WHAT IS EXPECTED
Make an exact copy of all the data, pictures excluded.

COLLECTED DATA
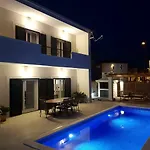 Iva Villa *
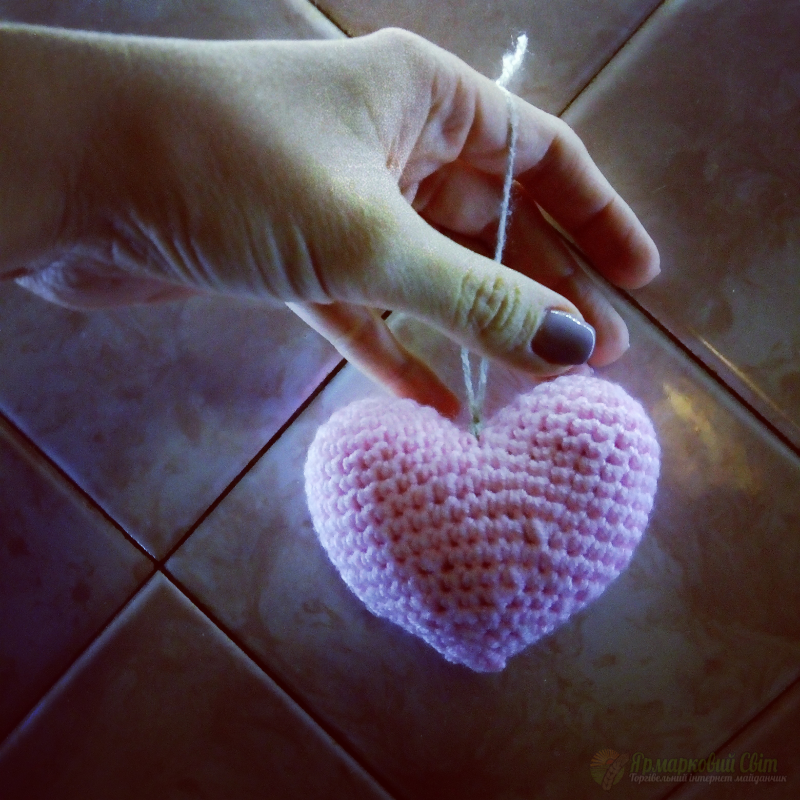 <div style=margin-left:10px><h1>Вязаное сердце, валентинка</h1><p><a href="/catalog/igrushki/">Iграшки</a> » <a href="/catalog/igrushki/myagkie/">М'які</a></p><i class="fa fa-map-marker"></i> Киевская область, Киев<br /><br /><div class="socdata"><script src="//yastatic.net/es5-shims/0.0.2/es5-shims.min.js"></script>
                                            <script src="//yastatic.net/share2/share.js"></script>
                                            <div class="ya-share2" data-services="facebook,gplus,twitter,lj,viber,whatsapp,skype" data-counter=""></div></div>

EXERCISE RESPONSE
 Iva Villa *
 <div style=margin-left:10px><h1>Вязаное сердце, валентинка</h1><p><a href="/catalog/igrushki/">Iграшки</a> » <a href="/catalog/igrushki/myagkie/">М'які</a></p><i class="fa fa-map-marker"></i> Киевская область, Киев<br /><br /><div class="socdata"><script src="//yastatic.net/es5-shims/0.0.2/es5-shims.min.js"></script>
                                            <script src="//yastatic.net/share2/share.js"></script>
                                            <div class="ya-share2" data-services="facebook,gplus,twitter,lj,viber,whatsapp,skype" data-counter=""></div></div>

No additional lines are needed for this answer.